Nikolai Pavlovich Khmelyov ,  — 1 November 1945) was a Soviet and Russian stage and film actor, theater director and pedagogue, associated with the Moscow Art Theatre and later the Yermolova Theatre.

Biography

Nikolai Khmelyov was born in Sormovo, Nizhny Novgorod, to a working-class family. "A man who was highly ambitious, always dissatisfied with himself and difficult to contact with," he joined the MAT's Second Studio in 1919, soon to become "one of the most intriguing figures of the 'second generation' of MAT actors," according to the theatre historian Inna Solovyova.
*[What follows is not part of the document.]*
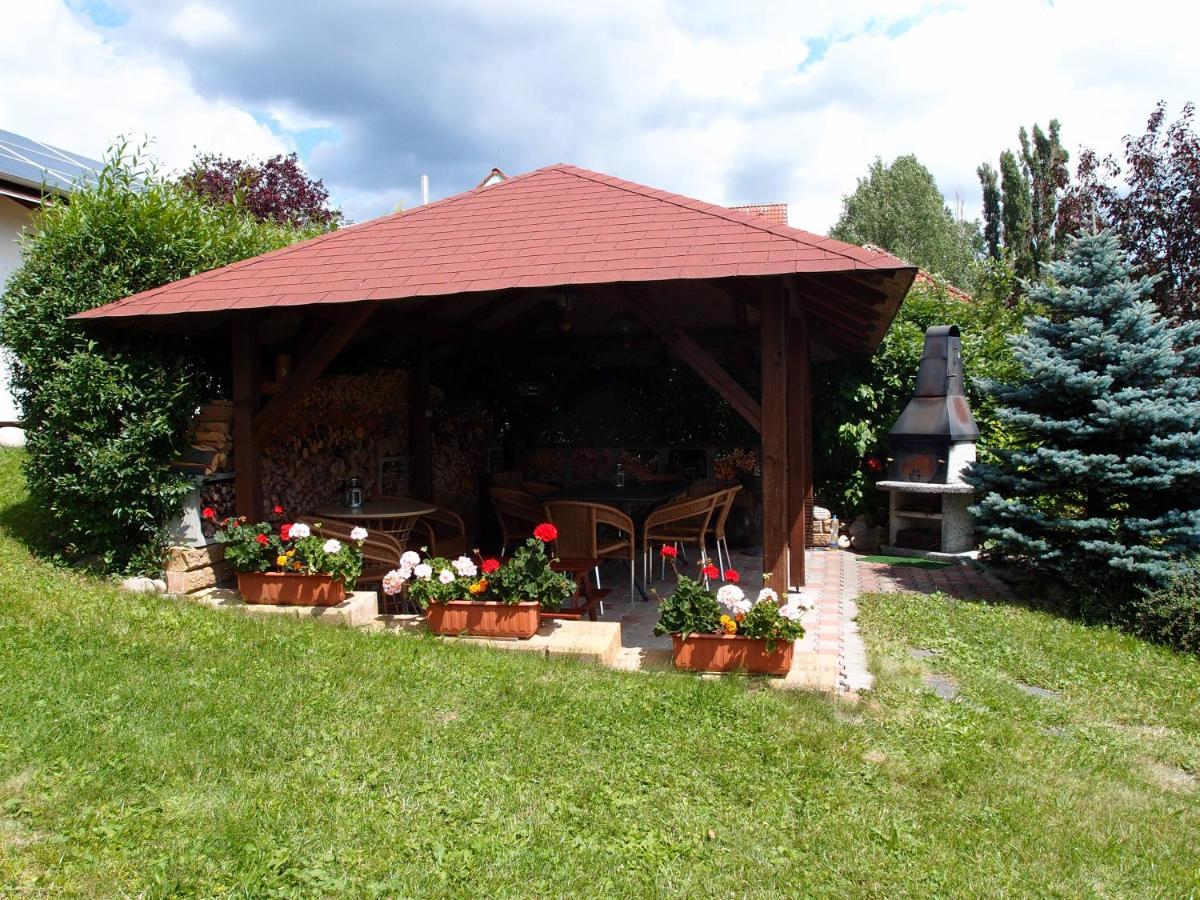 Penzion Cabak Vrchlabí Exteriör bild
He excelled in the parts of Tsar Fyodor in Tsar Fyodor Ioannovich by Aleksey Tolstoy (1935), Karenin in Anna Karenina (1937), Tuzenbach in Three Sisters by Anton Chekhov (1940), but before that as Alexey Turbin in The Days of the Turbins by Mikhail Bulgakov, which brought him critical recognition and fame in 1926.

"Khmelyov imparted his characters with extreme tension and clarity… His stage moves were both highly elaborate and unexpected, he was totally free in his choice of stylistic means and emotional colours, and he loved the sudden change of perspectives," Solovyova wrote. His Karenin and Turbin were lavishly praised by Joseph Stalin who, upon seeing MAT's Anna Karenina in 1937, instantly issued an order for Khmelyov and Alla Tarasova to be awarded the titles of the People's Artist of the USSR.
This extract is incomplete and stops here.